WBCはできすぎた結末。世代交代を思わせる連覇。何が侍チームを変えたのかというと、村田の怪我である。
北京五輪もそうだったが、村田の4番はチームコンセプトからどうしても遠ざかる。スモールベースボールを目指しているのに、奇妙な巨大艦信仰のように4番には長いのをうてる奴を据える。その発想そのものを変えようと言うのがスモールベースボールなのに、基本コンセプトを曖昧にしてしまうちぐはぐ。それで大切な守備に大穴を開けている。そう下手ではないとかいいながら、9回2アウト満塁でサードゴロが飛ぶような局面でも同じプレーのできる奴なのかってことを問うているわけで、守備率なんて基準ではない。
今回のラインナップも右の大砲という大和信仰がどうしてもぬぐえなかった。松井を招聘できなかったところであきらめていたはずなのに、やっぱり、4番には村田がいた。それでもって適当に打ったりするのでいよいよ曖昧なコンセプトが曖昧なまま履行されていった。そこへ怪我による離脱である。侍は白刃の下をくぐり抜けるようなものになった。

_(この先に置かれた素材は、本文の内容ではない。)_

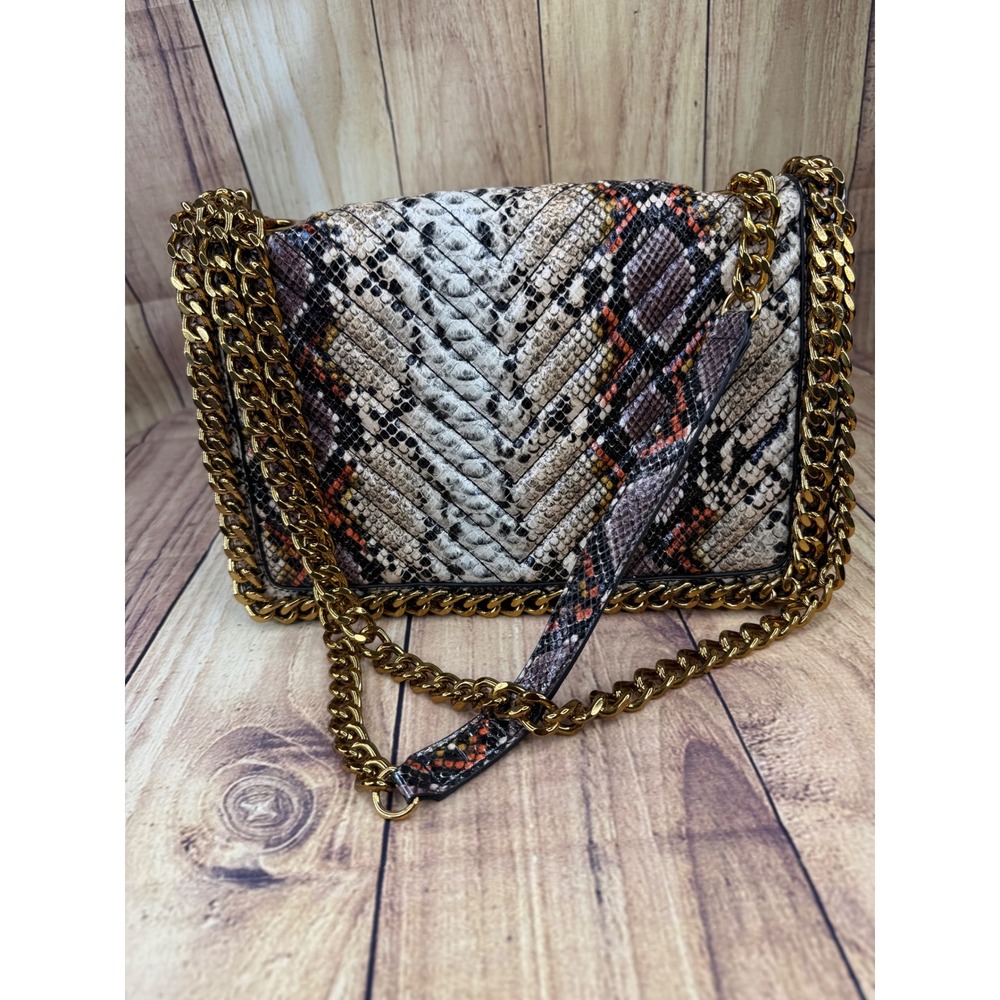 Aldo Snakeskin Print Chain Crossbody Bag Chevron Gold Tone Hardware Multi Color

現代野球のキーは、1番、3番である。ここにちゃんと収まれるものと、2番さえこなせる能力が高いレベルでのチーム戦術を支えている。打順を見るがいい。すべて3番打者を十分にこなせる。城島だけが異質で、その城島が機能し始めると、いよいよ打線が動き始める。誰が出ても1番になり、次打者が2番になり、3番打者で返す。残った打者走者が1番になり、という具合に連続していく。1塁、3塁の野球でもある。村田離脱後は、完全にチームコンセプトが機能してきた。
となると、やっぱり、MVPは村田である。4回2/3で98球の勝ち投手なんて馬鹿げた野球をやっているメジャーリーグの超2流なんかにやるべきではない。35歳イチローも、これが花道。完全に世代が変わってしまう予感がある。
ところで、もっともっとほめていいのは、杉内だ。すばらしい。がんばれ、内海。また、内川は新しい右打者である。青木の打撃とともにもっともっと語られていい。
そういうスモールベースボールを、槙原と清原が解説しているのも皮肉な話だったなあ。